張蔓月知道她要問的是王鐵山,笑著說道:“你放心吧,我看王大哥的酒量不錯,應該能扛得住他們灌酒。”
李四鳳的臉頰發燙,“誰問他了。”
“好好好,是我多嘴,剛剛我讓人給他送了粥,讓他喝完了再喝酒,不會傷到他的身體。
不過今天高興,大夥兒又這麼熱情,估計今天少不了要多喝點。”
李四鳳自然知道這一頓酒避免不了,她也相信王鐵山心中有數。
吃過飯,她便讓張蔓月回去了。
“你今天忙活了這麼久,也該累了,就先回去休息吧。
月月,今天真是太謝謝你了,你還大著肚子呢,就為我的事情這麼奔波。”
“你別這麼說,我可是你孃家人,當然得幫著你了。

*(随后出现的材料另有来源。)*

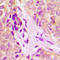 DEAD-Box Helicase 55 antibody, LS-C358466, Lifespan Biosciences, Immunohistochemistry paraffin image 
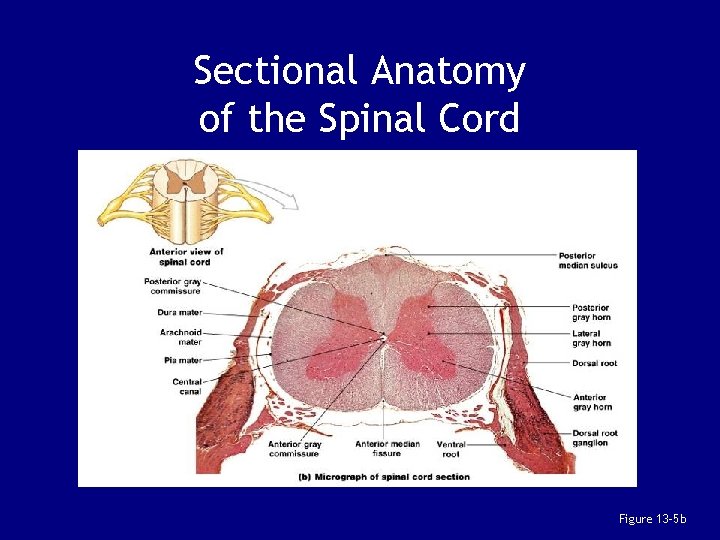 Sectional Anatomy of the Spinal Cord Figure 13– 5 b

”
不過她確實有些累了,跟李四鳳說了一會兒話,就叫上李時儉離開了。
文文和芳芳則是在房間陪著她,到了傍晚,龐大娘把兩個孩子叫出去。
李四鳳待在新房裏,等著她的新郎官。
聽著房門口傳來的腳步聲,她的心跳急劇加速。
門開啟了,走進來的果然就是新郎官。